51 拾三とすみれの電話
高川という人の死が何を意味しているのか、すみれには到底、知りようもなかった。
しかし、すみれは珈琲を一口飲んで考える。同じ頃、自殺した歴史学者がいたとして、それが御巫遠山の娘の死とどう関係しているのか?
今回の特別展の取材と結びつけて、この高川という学者の家族に取材ができないだろうか。
すみれは、携帯をそっと取り出して、ボタンを押した。高川という学者が何者なのか、調べる。
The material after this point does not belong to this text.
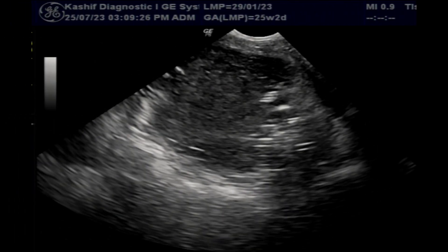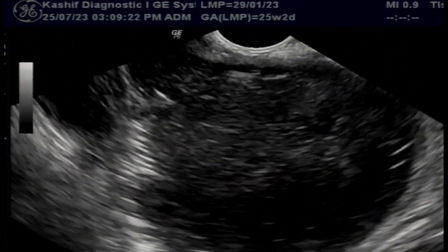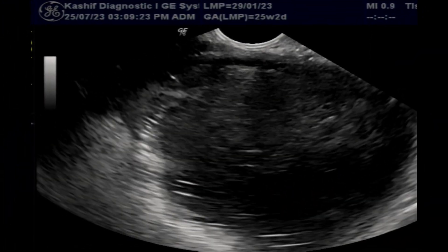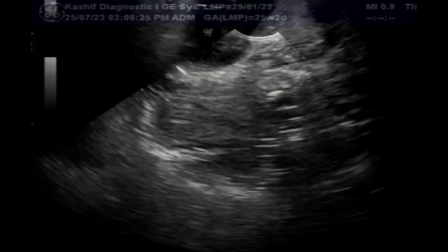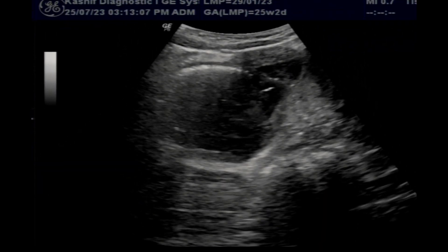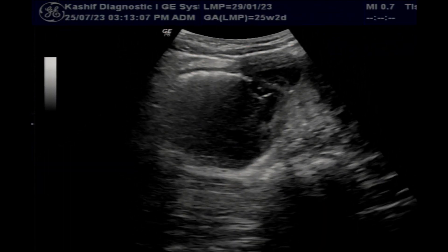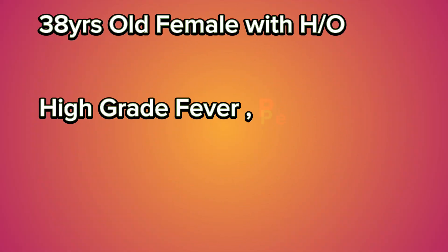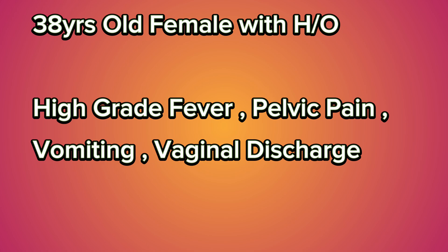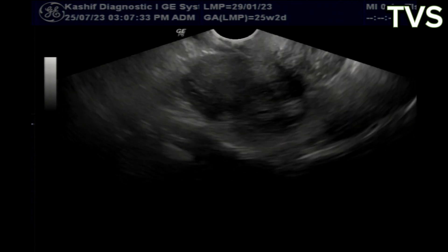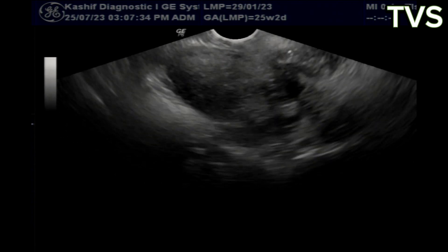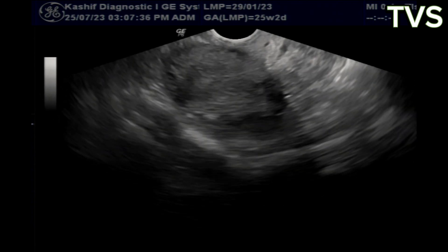This is a 38-year-old female with history of high grade fever, pelvic pain and vaginal discharge. She also gave history of DNC from a local clinic and vaginal discharge, smell and infection from 6 months.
東京の天正院大学の歴史学教授……。江戸時代の農村の文化・民俗史を研究していた。しかし、八年前に自殺。
それが、ネットに出ていた情報だった。それ以上のことはよくわからない。この時、すみれが五色村殺人事件の関係者のことをもっとよく把握していたならば、大きな驚きを感じたことだろう。
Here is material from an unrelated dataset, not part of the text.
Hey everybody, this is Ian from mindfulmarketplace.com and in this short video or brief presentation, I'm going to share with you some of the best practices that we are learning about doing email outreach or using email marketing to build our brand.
すみれは、珈琲が半分ほど残っているのを見て、ミルクを注ぎ込むと、また一口味わった。
ふたつの道がある。ひとつは、高川氏の家族に直接会いにゆくという道、もうひとつはこの天正院大学に赴くという道である。
すみれは、根来家の血が騒ぐのを感じた。考えてみれば、どちらにしても、家族と会うのが先という選択肢はないだろう。住所もわからず、電話番号も知らないのだから、連絡がつかないのだから。だから、まずはこの天正院大学に行くしかないのだ。
天正院大学は、上野から程近い駅にあるという。しかし、何も知らない自分が行っても、話にならないだろう。父に連絡をして、過去と現在の事件についての基本的な情報を教えてもらおう。
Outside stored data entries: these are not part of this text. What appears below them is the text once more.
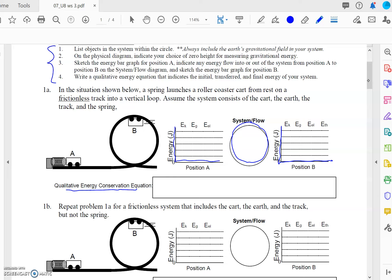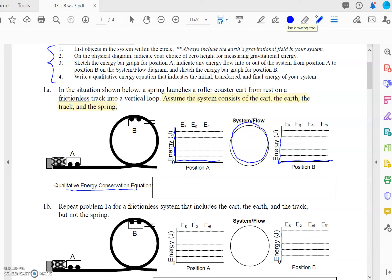Let's start with number 1A. The first thing we have to do according to the directions is to list the objects in the system within the circle of the LOL graph. The system is just the part of the universe that you're interested in making a graph for in terms of its energy content. Since this is the first worksheet you've done, I'm going to be giving you what the system is in these problems. So the system in the first problem consists of the cart, the earth, the track, and the spring. In step number 2, we have to choose our choice of zero height — typically zero meters located at the ground.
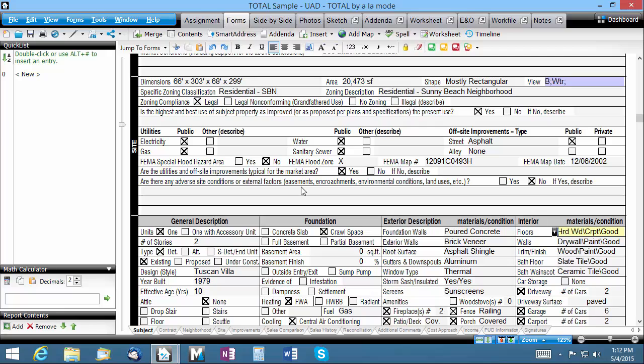For example, in many communities most of the properties share a common utility and offsite improvements profile. So knowing that, we can create a multi-filled quick list that lets us populate all these items on those two rows at once. The process is essentially identical. You just have to fill in all the fields first, so let's do that.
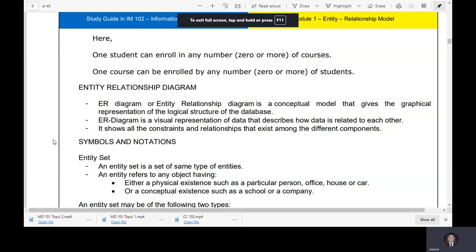Good afternoon everybody, BSIT31. We will continue with the second part of the first topic in IM 102. As a review, last meeting we discussed about entity relationships, attributes, entity sets, relationships and relationship sets, and cardinality.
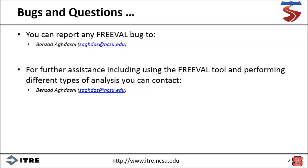Thank you for watching this video. If you would like any assistance with FreeVal, feel free to contact us at the email shown.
すみれは、珈琲を飲み干して、料金を払い、喫茶店を出ると、木の陰に立って、父、根来拾三に電話をかけた。
『俺だ』
「お父さん? 私、ちょっと今、大丈夫?」
『誰だ、お前は……』
「ちょっと、娘の声を忘れたの?」
『おお! すみれか! どうした。お父さんは元気だぞ。心配するな』
「あのさ、そんなことよりも、今ね、私、上野に来ているの」
『取材だろ。大変だな。そうか。上野か。それなら、ちょっと買ってきてほしいケーキがあるんだが……』
「嫌だよ。今日、群馬に帰るわけじゃないんだから……。そんなことよりも、博物館の取材をしたら、高川さんって学者さんが亡くなった話を聞いたんだけどさ……」
『高川さん? 誰だ、そいつは』
「だから学者さんだって。その人がね、自殺したらしいの、八年前に」
『八年前……?』
「それが、もしかしら、御巫さんところの事件と関係があるんじゃないかと思って……」
『そうか。それは大変だ。しかし、高川さんなんて名前は、捜査線上に浮かんでこなかったけどなぁ。うん。関係ないんじゃないのか。御巫家と関係のある人物なのか?』
「あまり関係のない人物らしいよ。でもね、江戸時代の農村の文化とか民俗とかを研究している人で、御巫遠山先生と同じ研究分野らしくて……」
『そうか。じゃあ、まったく関係ないということもないな。しかし、まあ、なんとも関連が弱いなぁ』
「だからさ、私が適当に調べとくよ」
『さすが、俺の娘だ。しかし、まぁ、無駄骨だと思うが、お前は一度言い出したら絶対に引かないからな。俺みたいだ。わかった。だけど、無理はするなよ。それとなく、遠山とのつながりを聞くぐらいでいいんだぞ』
「やだな。私は取材の天才よ? まあ、何か面白いことが分かったら、すぐに連絡するね」
『そうか。分かった。……それにしても、こっちも大変だよ。あれから、村民に聞き込みもしたけど、何の進展もないんだ。アリバイがないことで言えば、歴史学者の尾崎蓮也が怪しいがな』
本当にべらべらといらないことを喋る刑事である。